After having slowed significantly through 2012, real retail sales growth has perked up slightly in the 1st quarter of 2013, but is still expected to hover between 2-3% through the year
Real Retail sales growth in March 2013 slowed to 2.8% year-on-year, from 3.8% in February 2013. This was expected, with a significant surge in February believed to be unsustainable in a currently mediocre economic environment.
Monthly data can be volatile, and for this reason FNB prefers to focus on the 3-month moving average to analyse the trend. For the 3 months up to and including March, the real year-on-year growth rate in retail sales was 3%. This implies a slight 1st quarter improvement on the final quarter of 2012 which recorded only 2.4%.
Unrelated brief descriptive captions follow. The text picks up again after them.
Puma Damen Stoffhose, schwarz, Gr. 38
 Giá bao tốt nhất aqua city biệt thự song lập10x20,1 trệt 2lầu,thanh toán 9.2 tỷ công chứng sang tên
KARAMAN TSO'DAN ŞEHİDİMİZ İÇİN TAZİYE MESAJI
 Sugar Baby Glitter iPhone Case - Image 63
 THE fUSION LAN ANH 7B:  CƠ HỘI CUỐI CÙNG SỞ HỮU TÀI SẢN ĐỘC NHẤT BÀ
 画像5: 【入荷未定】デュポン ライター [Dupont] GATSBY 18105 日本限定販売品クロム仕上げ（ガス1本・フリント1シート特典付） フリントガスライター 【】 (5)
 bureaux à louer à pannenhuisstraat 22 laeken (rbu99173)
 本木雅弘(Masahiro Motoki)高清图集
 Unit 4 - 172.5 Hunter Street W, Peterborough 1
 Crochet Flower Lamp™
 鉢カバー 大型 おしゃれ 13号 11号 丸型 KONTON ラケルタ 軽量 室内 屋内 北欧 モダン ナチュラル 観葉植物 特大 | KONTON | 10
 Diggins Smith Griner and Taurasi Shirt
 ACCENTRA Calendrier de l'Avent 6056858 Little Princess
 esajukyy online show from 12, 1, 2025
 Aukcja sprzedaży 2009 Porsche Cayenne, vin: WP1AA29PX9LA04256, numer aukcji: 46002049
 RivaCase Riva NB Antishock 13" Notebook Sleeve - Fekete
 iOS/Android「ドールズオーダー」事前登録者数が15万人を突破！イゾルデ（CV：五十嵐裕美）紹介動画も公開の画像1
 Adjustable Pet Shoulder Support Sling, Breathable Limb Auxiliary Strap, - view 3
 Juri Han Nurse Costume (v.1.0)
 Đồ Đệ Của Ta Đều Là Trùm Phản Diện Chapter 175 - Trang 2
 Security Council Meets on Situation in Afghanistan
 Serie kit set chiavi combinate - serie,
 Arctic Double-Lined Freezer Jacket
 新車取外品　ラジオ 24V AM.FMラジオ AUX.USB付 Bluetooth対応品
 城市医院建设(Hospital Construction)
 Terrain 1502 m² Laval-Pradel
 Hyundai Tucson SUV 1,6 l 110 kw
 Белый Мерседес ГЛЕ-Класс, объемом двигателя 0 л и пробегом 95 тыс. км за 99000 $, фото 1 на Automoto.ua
To get a longer term perspective, the March level of real retail sales brings the cumulative growth since the pre-recession high of April 2008 to 14.4%, coming after a 2008/9 dip in sales. While representing a fairly good recovery, this period is still a far cry from the 60.6% growth rate from January 2002 to April 2008.
The mild early-2013 improvement in real retail sales growth could possibly be explained by an estimated rise in real economic growth, after widespread strike action in the 2nd half of 2012 slowed economy-wide production to “abnormal lows”. In addition, a slight slowing in retail price inflation may also have contributed slightly to improved 1st quarter real retail sales growth.